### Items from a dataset

* * *

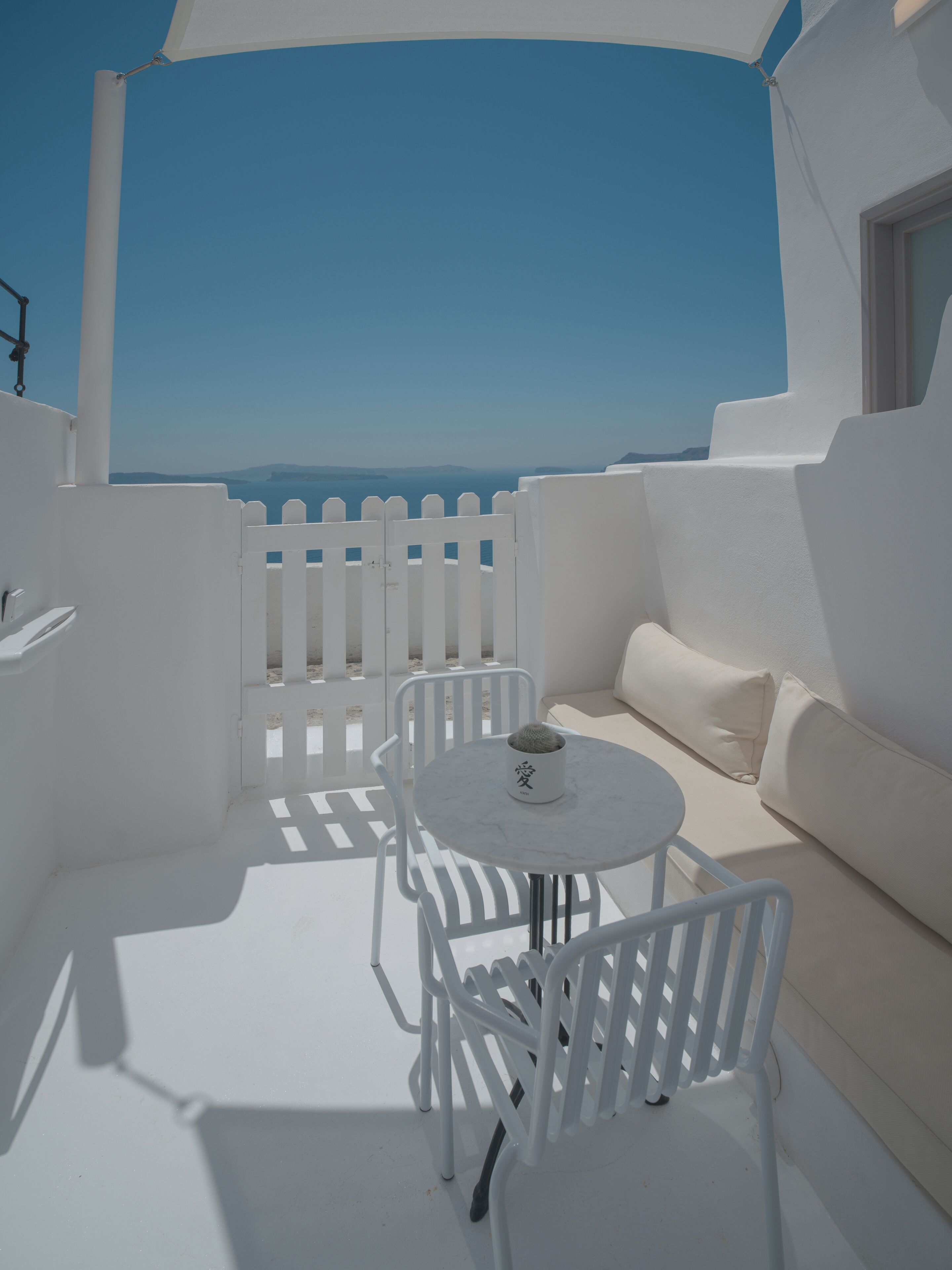 A white outdoor seating area with a table and chairs, a white fence, and a view of the sea.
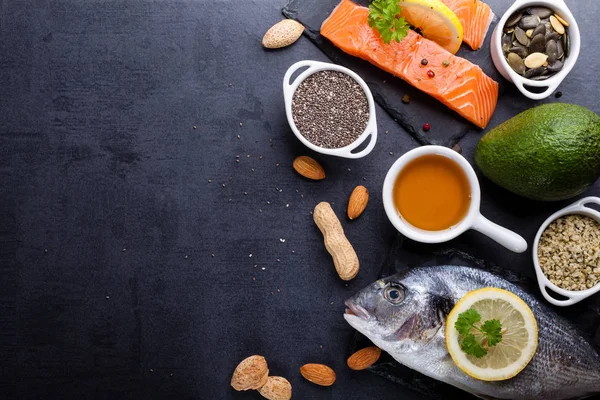 Table en ardoise noire avec un produit riche en oméga 3 et vitamine D . — Photo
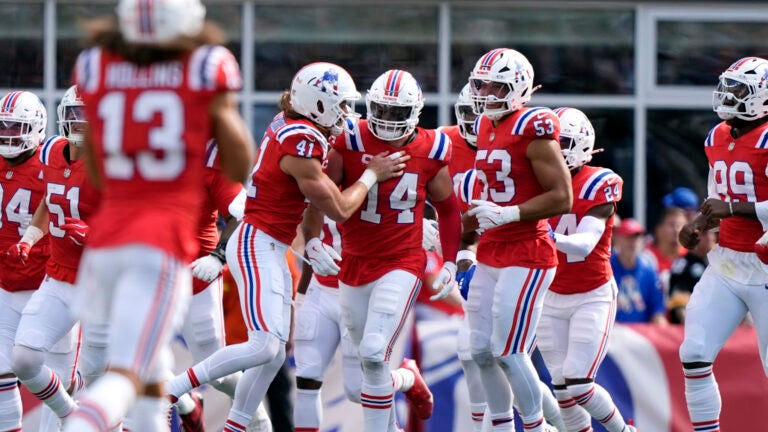 New England Patriots linebacker Robert Spillane (14) celebrates with teammates after an interception against the Pittsburgh Steelers during the second half of an NFL football game, Sunday, Sept. 21, 2025, in Foxborough, Mass.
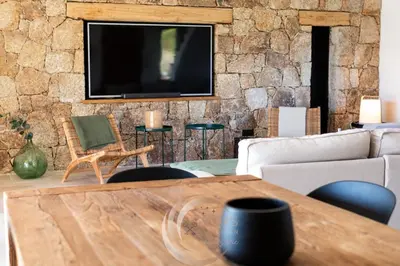 a living room with a tv on a stone wall at Villa Neuve Corse sud avec vue mer et piscine chauffée in Pianottoli-Caldarello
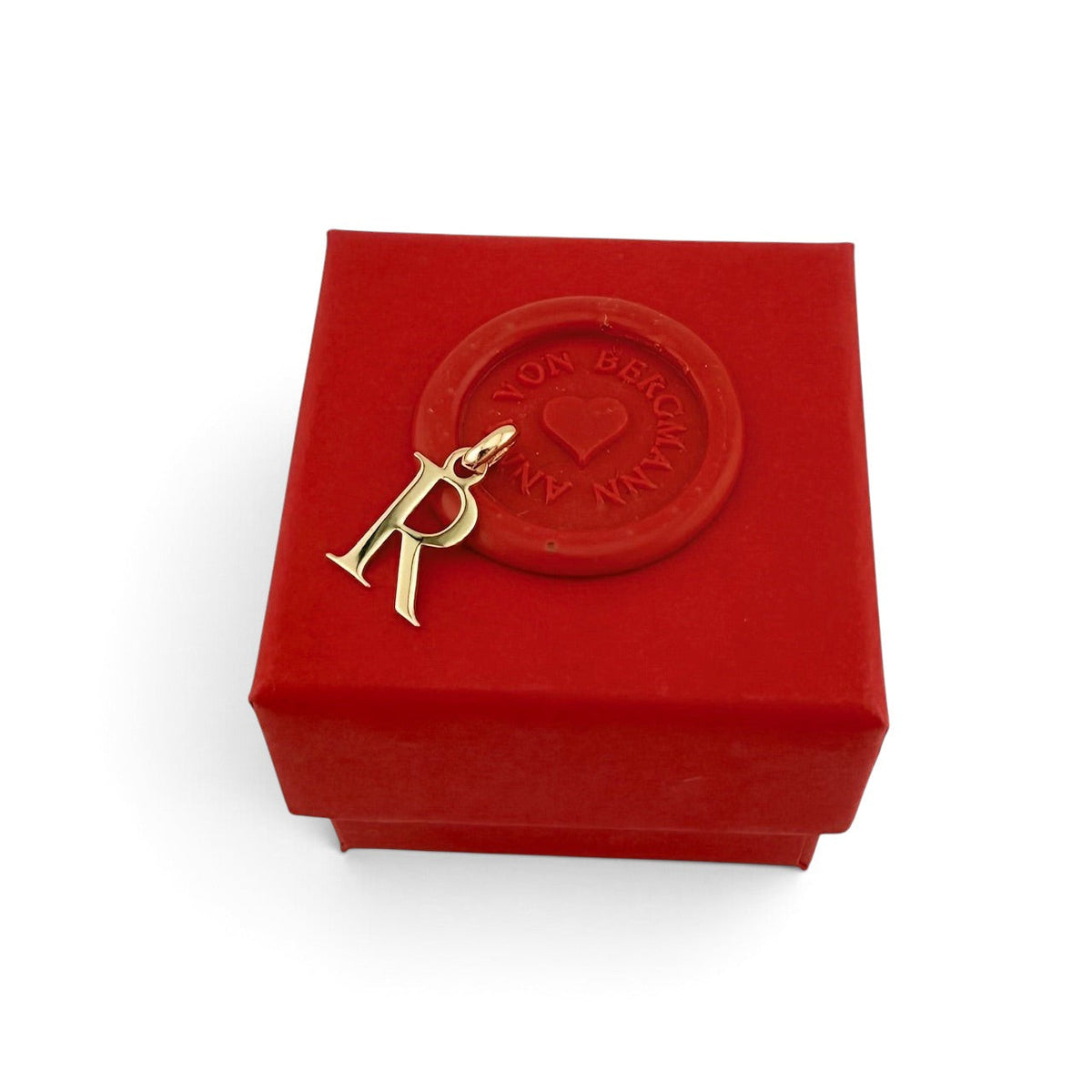 ANNA VON BERGMANN Buchstaben Anhänger R aus goldplattiertem Messing auf einer roten Geschenkbox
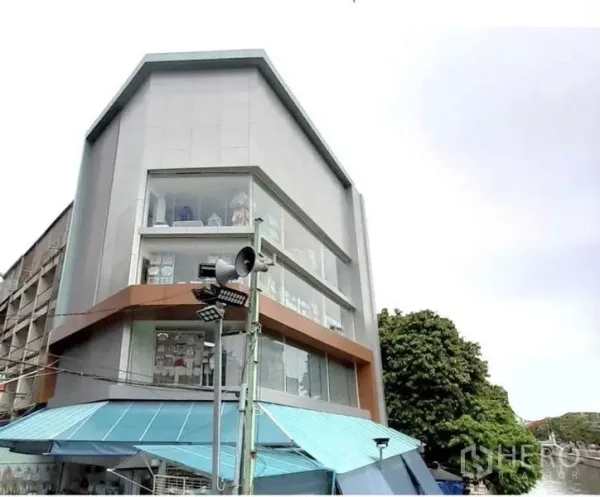 Shophouse for rent in Pathum Wan, Bangkok - Modern corner shophouse with full-height glass windows and a blue awning in Bangkok.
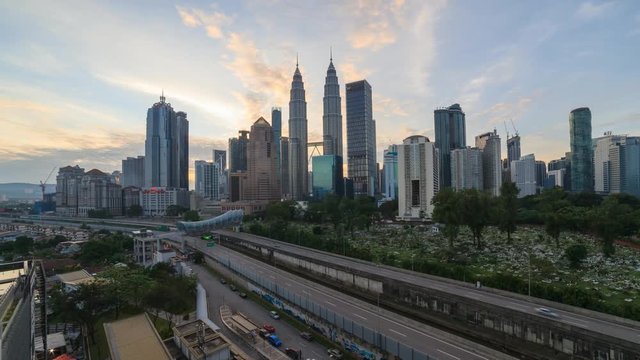 Time lapse: Kuala Lumpur city view during sunrise overlooking a city skyline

* * *

### Exercise description
Only the lines above from the one with "New England Patriots" to the one with "ANNA VON BERGMANN" should be printed, both included and exactly as written; no picture belongs in the copy.

### Response below
 New England Patriots linebacker Robert Spillane (14) celebrates with teammates after an interception against the Pittsburgh Steelers during the second half of an NFL football game, Sunday, Sept. 21, 2025, in Foxborough, Mass.
 a living room with a tv on a stone wall at Villa Neuve Corse sud avec vue mer et piscine chauffée in Pianottoli-Caldarello
 ANNA VON BERGMANN Buchstaben Anhänger R aus goldplattiertem Messing auf einer roten Geschenkbox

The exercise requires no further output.